I have used an animal psychic with excellant results .

I hope you find your kitty soon.


----------



## Woodsman (Jan 9, 2007)

I am not sure how well the scent would keep for two weeks, but your cat is most likely still in the area so its worth a shot.

Bloodhounds are incredible trackings dog and as long as the dog is training for tracking a particular cat's scent it should work. The dogs handler will be able tell you what they can do.


----------



## RachandNito (Nov 21, 2008)

My mother's friend's cat was found by bloodhound a month after she got outside and disappeared. She had been hiding out under a house eating mice and bugs.


----------



## Jeanie (Jun 18, 2003)

Here are some other methods. I hope you get your cat back! What a worry. 

viewtopic.php?f=26&t=7722


----------



## gunterkat (Aug 19, 2006)

May the kitty guardian angels keep watch for your cats' safety, and guide them back to you.
:angel :cat


----------



## Mitts & Tess (Sep 4, 2004)

robe0488 said:


> Our cats ran way 2 weeks ago. We have taken all the typical measures to look for them, flyers, signs, talking with neighbors, looking extensively in yards, etc. Now we're thinking about entering the big leagues and hiring dog sniffers to find them. Has anyone ever tried this? Does it work? Is it worth the money? Any advice is greatly appreciated, thanks!

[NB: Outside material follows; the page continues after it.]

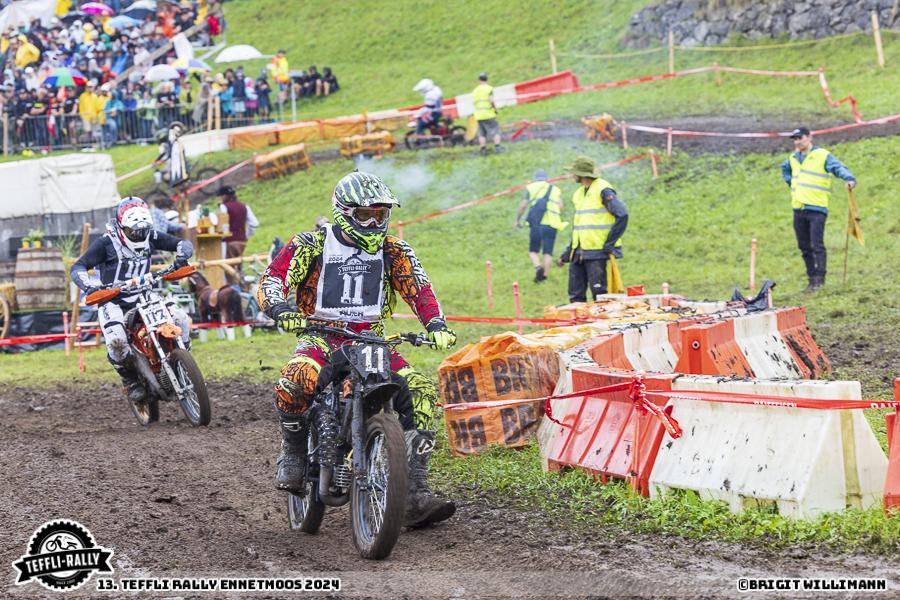 Teffli Rally 24 Brigit Willimann-121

 Dont give up hope. We were able to find a cat after a month. It was adopted by a family which left the door open and she ran out. It was a new home, new area, full of coyotes and desert heat. The people didnt tell us till we called to check up on her transition! into her new home. We went door to door handing out flyers in a two mile radius. Put up flyers. We talked to as many people as we handed out the flyers. It was amazing how many people were compassionate and would keep an eye out for us. We got sightings and put out traps and finally got her. 

I read where there is a business in San Diego that she has tracking dogs. They sniff beds or things the cat has its scent on and the dogs have found the trail of the cats and located them!


----------